Notice that this plot has higher values at the edges of the data.

The reason is that the simple method above only evaluates the kernel for the x points present in the data. Therefore, at the left and right edges, this method is only applying half a Gaussian to the data. On the left it is applying the right half of the Gaussian, and on the right it is applying the left half of the Gaussian. Notice too that this simple method always makes the kernel sum to zero, so, when smoothing the points at the edges, with the half kernel, the remaining points get more weight.

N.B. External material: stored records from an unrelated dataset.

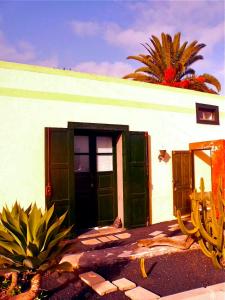 a white building with green doors and a palm tree at La Finca Uga in Uga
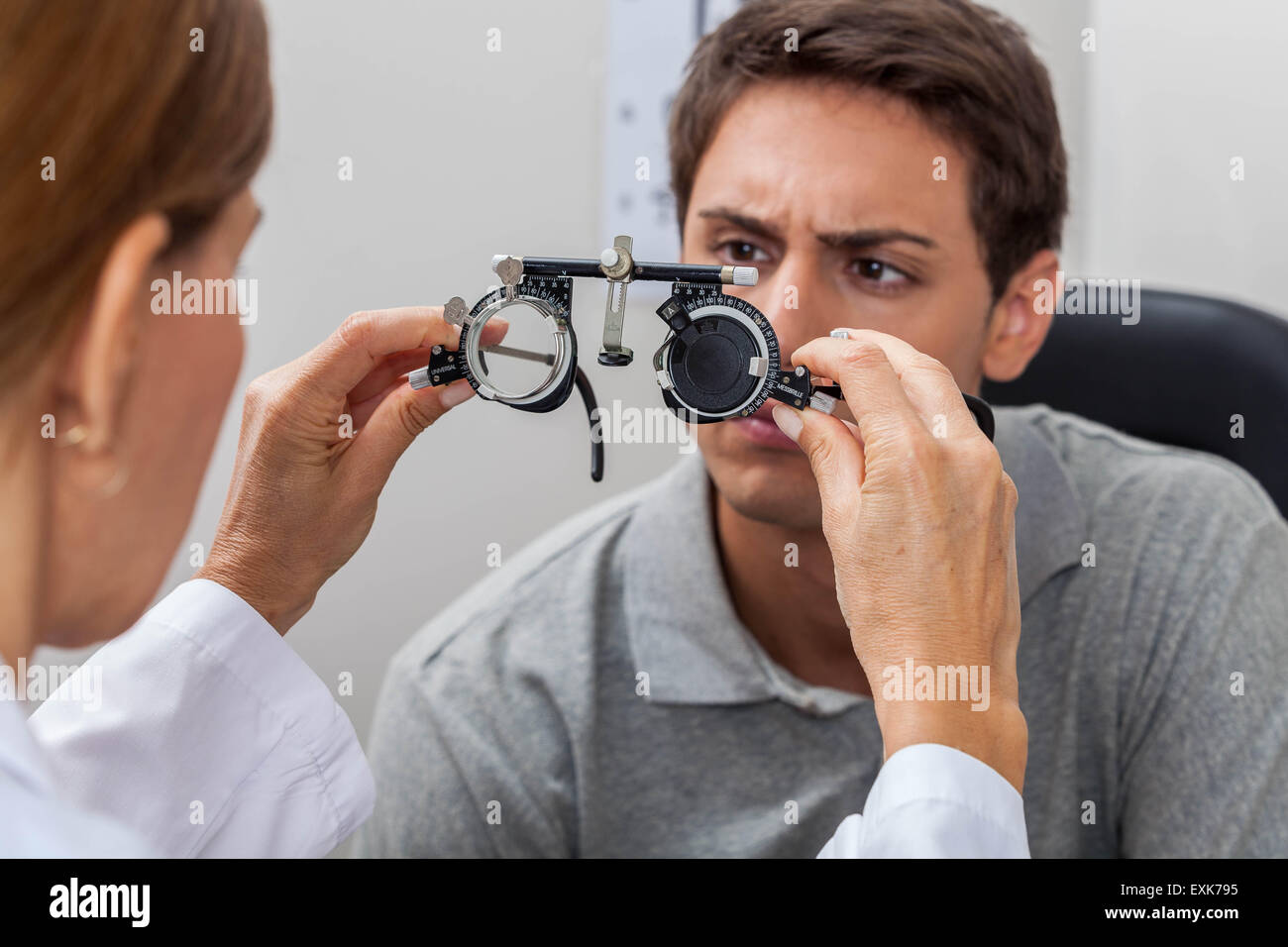 Man checking his eyes Stock Photo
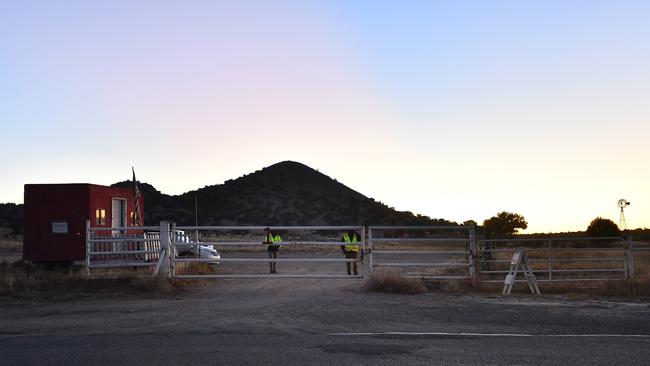 Security guards stand behind a locked gate at the entrance to the Bonanza Creek Ranch. (Photo by Sam Wasson/Getty Images)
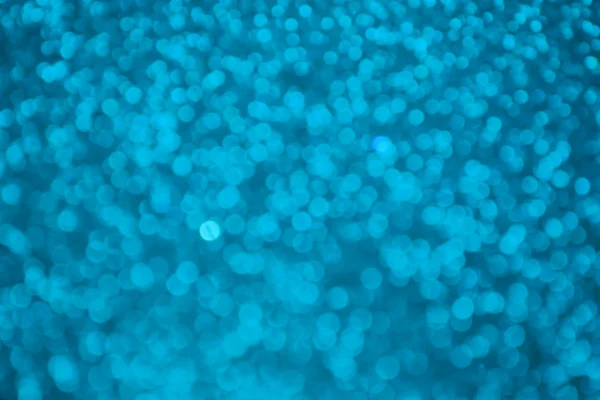 Helle und abstrakte verschwommene meerblaue Hintergrund mit schimmerndem Glitzern — Stockfoto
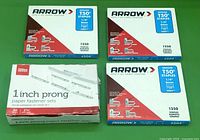 Three boxes of Arrow T50 1/4 inch staples and one box of 50 1 inch prong paper fastener sets placed on a flat surface.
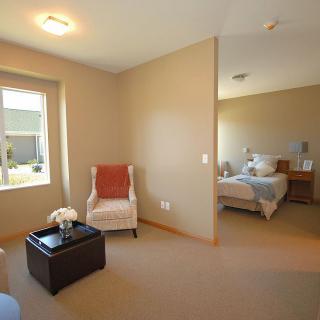 A cozy interior view featuring a small living area with a chair and ottoman, adjacent to a bedroom with a neatly made bed.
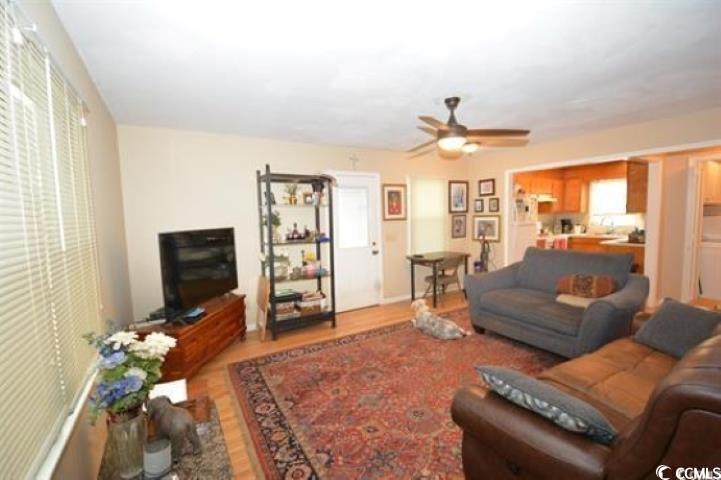 787 Causey Road Murrells Inlet, SC 29576 - Photo 16 of 35 Living room with ceiling fan and light hardwood /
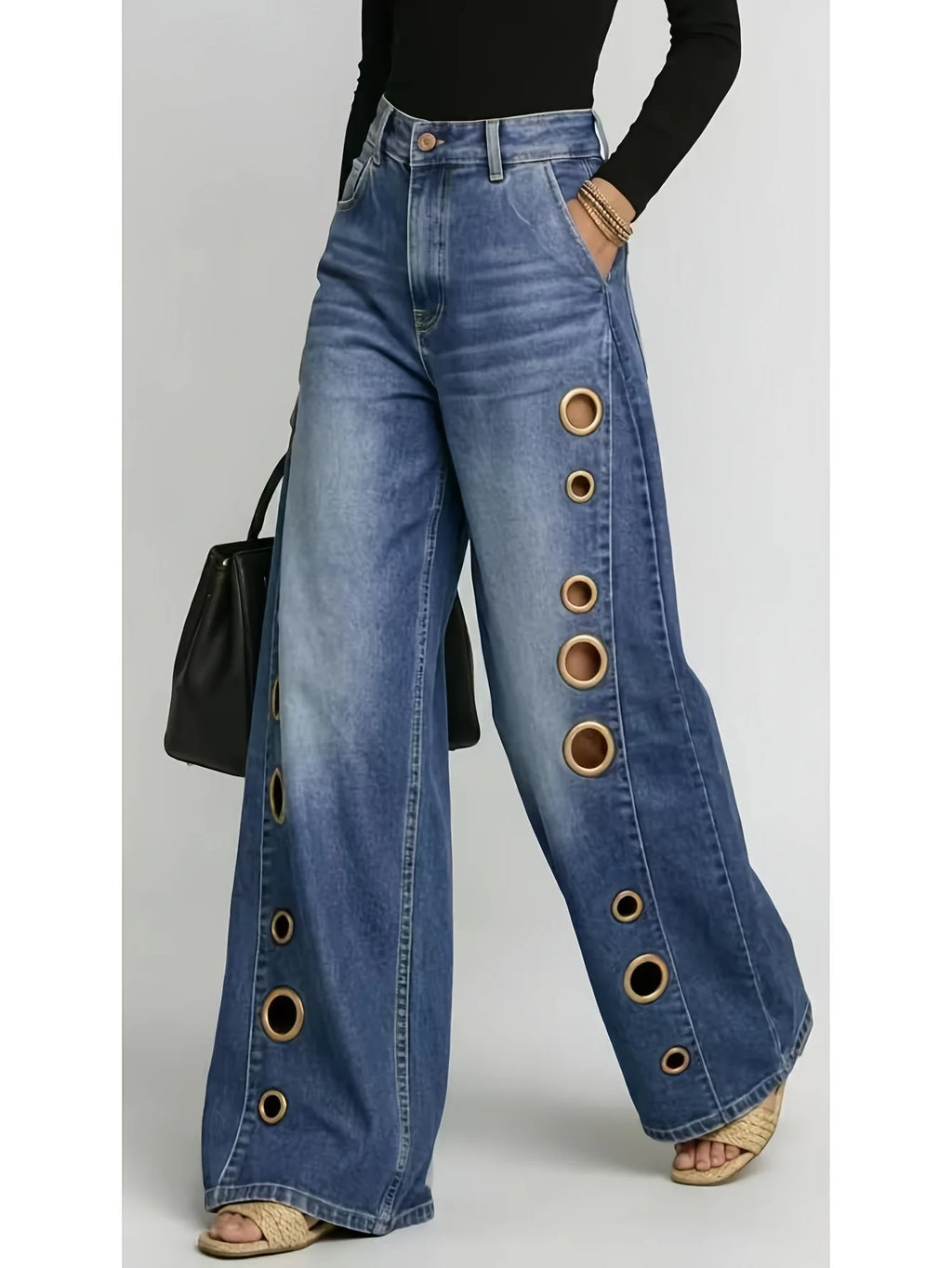Wide-leg jeans with metallic eyelets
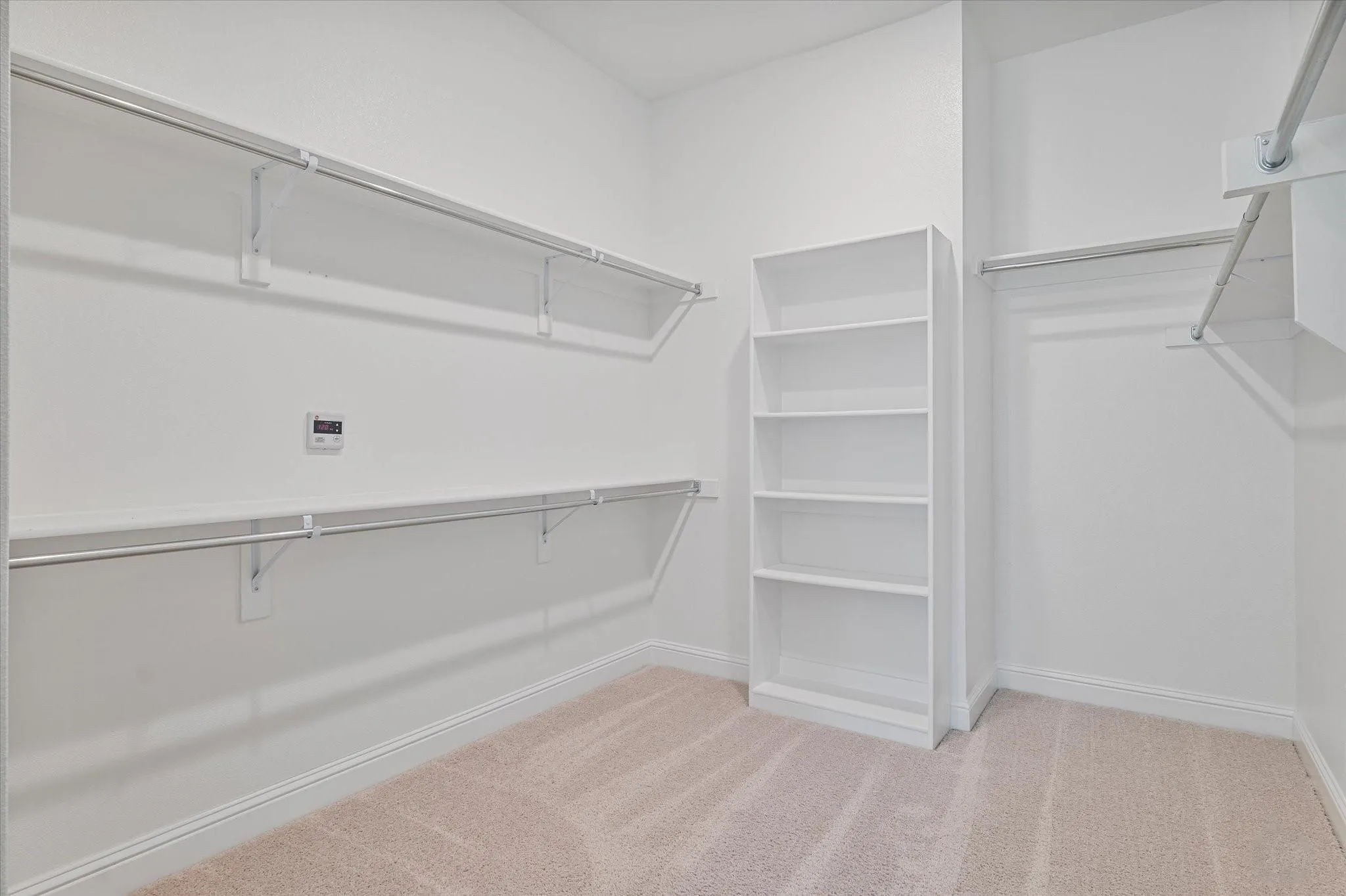 Walk-in storage area featuring wall-to-wall carpeting, stacked open shelving, and multi-tier metal clothing rods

This is one technique for dealing with the edges called *truncating the
kernel*.

Convolution, by default, does not truncate the kernel, but assumes that
data outside the x points we have are all zero. This is called *zero
padding*. Using zero padding, the points towards the edge get pulled
down towards zero because they are part-made of the result of taking the
product of zero with the kernel values.

When we do spatial smoothing, this can be a significant problem. For example, imagine smoothing close to the bottom (inferior) edge of a brain image, where the edge voxels are likely to have brain signal. If we use zero padding then the values near the edge will get pulled towards zero causing a strong signal change from smoothing.

In this case we might prefer some other method of dealing with the data
off the edge of the image, for example by assuming the signal is a
flipped version of the signal going towards the edge. See the
description of the `mode`

argument in the docstring for
`scipy.ndimage.gaussian_filter`

for some other options.